LLP Registration Procedure
Limited Liability Partnership (LLP) is a body corporate formed and incorporated under the LLP Act, 2008 . LLP is a legal entity which has a separate identity from its partner. LLP is a newly introduced corporate entity which aimed at small and medium-sized business.
Benefits of LLP
LLP is a partnership where one get the benefits of some features of partnership and companies together. Recently, small and medium entrepreneurs have started opting for Limited Liability Partnership considering the following advantage:
- Benefits of both partnership and companies;
- No minimum capital requirement;
- The advantage of Tax Benefits;
- Lower compliance requirement;
- Perpetual Succession;
- Low cost of incorporation;
- Liability of partners is limited to the contribution mentioned in the agreement.
What is the procedure of LLP incorporation?
All the Designated Partners of proposed Limited Liability Partnership has to apply for Designated Partners Identification Number (DPIN).

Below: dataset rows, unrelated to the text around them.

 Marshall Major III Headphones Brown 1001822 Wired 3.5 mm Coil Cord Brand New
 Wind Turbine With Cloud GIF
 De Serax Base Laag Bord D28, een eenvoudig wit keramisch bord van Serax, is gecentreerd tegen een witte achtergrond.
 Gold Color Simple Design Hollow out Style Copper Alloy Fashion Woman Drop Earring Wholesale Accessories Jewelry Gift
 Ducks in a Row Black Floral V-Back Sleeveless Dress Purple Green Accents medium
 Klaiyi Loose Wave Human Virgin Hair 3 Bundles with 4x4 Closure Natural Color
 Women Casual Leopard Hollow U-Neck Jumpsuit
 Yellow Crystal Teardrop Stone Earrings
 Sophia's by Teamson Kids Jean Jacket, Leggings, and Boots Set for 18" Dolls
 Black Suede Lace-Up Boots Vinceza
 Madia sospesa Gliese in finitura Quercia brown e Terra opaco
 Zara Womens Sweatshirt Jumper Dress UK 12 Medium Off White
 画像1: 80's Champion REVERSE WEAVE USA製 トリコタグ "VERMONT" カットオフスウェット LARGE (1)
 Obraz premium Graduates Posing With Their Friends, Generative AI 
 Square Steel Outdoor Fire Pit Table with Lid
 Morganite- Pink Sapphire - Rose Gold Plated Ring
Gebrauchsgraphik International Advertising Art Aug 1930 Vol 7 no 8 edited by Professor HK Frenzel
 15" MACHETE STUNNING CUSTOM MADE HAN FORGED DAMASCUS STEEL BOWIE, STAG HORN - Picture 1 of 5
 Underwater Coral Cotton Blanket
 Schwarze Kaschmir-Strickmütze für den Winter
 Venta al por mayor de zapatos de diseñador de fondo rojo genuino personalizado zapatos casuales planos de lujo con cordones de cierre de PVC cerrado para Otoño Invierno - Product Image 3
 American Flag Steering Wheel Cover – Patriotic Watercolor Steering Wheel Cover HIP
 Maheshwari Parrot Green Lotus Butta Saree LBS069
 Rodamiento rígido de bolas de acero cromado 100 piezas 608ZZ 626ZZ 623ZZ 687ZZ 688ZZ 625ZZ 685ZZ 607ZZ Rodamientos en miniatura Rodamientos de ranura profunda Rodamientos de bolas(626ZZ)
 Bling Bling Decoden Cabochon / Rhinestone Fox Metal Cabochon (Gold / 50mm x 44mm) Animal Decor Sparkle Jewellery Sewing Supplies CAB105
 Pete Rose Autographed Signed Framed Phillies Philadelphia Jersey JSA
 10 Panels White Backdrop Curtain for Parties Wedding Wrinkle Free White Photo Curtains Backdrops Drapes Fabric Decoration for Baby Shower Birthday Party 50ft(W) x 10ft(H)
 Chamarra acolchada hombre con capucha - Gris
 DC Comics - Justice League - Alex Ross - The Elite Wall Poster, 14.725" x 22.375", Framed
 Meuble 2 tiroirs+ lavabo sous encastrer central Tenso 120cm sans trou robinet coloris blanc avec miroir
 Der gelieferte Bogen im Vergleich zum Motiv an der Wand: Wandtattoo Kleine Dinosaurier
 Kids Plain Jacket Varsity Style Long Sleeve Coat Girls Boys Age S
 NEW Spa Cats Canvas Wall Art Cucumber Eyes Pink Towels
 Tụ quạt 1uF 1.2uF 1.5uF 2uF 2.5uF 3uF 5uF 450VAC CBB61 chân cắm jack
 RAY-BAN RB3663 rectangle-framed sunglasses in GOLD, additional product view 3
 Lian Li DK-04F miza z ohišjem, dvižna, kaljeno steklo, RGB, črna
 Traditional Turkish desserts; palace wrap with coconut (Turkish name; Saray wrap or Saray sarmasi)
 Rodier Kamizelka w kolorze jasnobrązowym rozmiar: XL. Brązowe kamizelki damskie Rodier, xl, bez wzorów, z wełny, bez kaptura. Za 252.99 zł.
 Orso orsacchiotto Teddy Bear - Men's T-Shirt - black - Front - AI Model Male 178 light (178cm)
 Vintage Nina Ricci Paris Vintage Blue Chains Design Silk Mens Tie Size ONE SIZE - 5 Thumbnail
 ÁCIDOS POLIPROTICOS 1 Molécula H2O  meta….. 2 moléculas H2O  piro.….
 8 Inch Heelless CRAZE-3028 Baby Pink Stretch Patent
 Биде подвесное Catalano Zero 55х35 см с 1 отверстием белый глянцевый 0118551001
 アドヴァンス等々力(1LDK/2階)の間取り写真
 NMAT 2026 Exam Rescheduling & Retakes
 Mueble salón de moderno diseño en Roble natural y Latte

DPIN application shall make in e-form DIR 3.
The Designated Partner whose signatures are to be affixed in e-form shall register their DSC on MCA portal.
File the Form 1 for reservation of name of proposed Limited Liability Partnership. You can select up to 6 proposed name of LLP in form 1. Also, need to provide the details of minimum 2 designated partners of proposed Limited Liability Partnership. One partner shall be a resident of India. Any individual or Body corporate can be Partner of Limited Liability Partnership.
After the reservation of name, the applicant shall file the ‘Form 2’ for incorporation and subscription. Inform 2, the details of partners, the amount of proposed monetary value of partners contribution, Subscriber sheet, proof of registered of add, consent form from partners need to be given and if proposed name include any banking, venture, CA, CS, Trademark etc, then in principle approval of the regulatory authority need to attach in form 2.
On receipt of complete application, Registrar will issue a certificate of incorporation after satisfying of LLP Act.
After the successful registration, the draft of LLP agreement needs to be incorporated in line with LLP Act. The agreement is not mandatory at the time of registration can be filed within 30 days of incorporation. All the partners are liable to comply with the provisions of Agreement at all time. Followings are the some imported clause need to be incorporate in Limited Liability Partnership agreement:
See Also, Change in LLP agreement
- Name, Object and Register Office of Limited Liability Partnership;
- The initial Contribution of the LLP by Partners;
- Valuation of Non-Monetary contribution;
- The net profits or losses sharing ratios;
- Detail of Designated Partners;
- Interest payable on Capital Loan;
- Remuneration payable to the working partners;
- Mode of operation of Bank Accounts;
- Appointment of an arbitrator;
- Rights and Duties of Partners;
- Rights and Duties of Designated Partners;
- Indemnity clause;
- Goodwill clause;
- Procedure to appoint Auditor;
- Admission of New Partner;
- Cessation of Existing Partners;
- Winding up of Limited Liability Partnership;
- Amendments of Limited Liability Partnership;
- The extent of Liability of Limited Liability Partnership;
- Liability of Partners in Limited Liability Partnership;
- Other business if any carried
The LLP agreement once finalized need to be filed in Form:3 (Information with regard to Limited Liability Partnership agreement) and Form 4 (Notice of appointment of partner and his consent). The agreement may be filed along with Form 2 or within 30 days of the incorporation.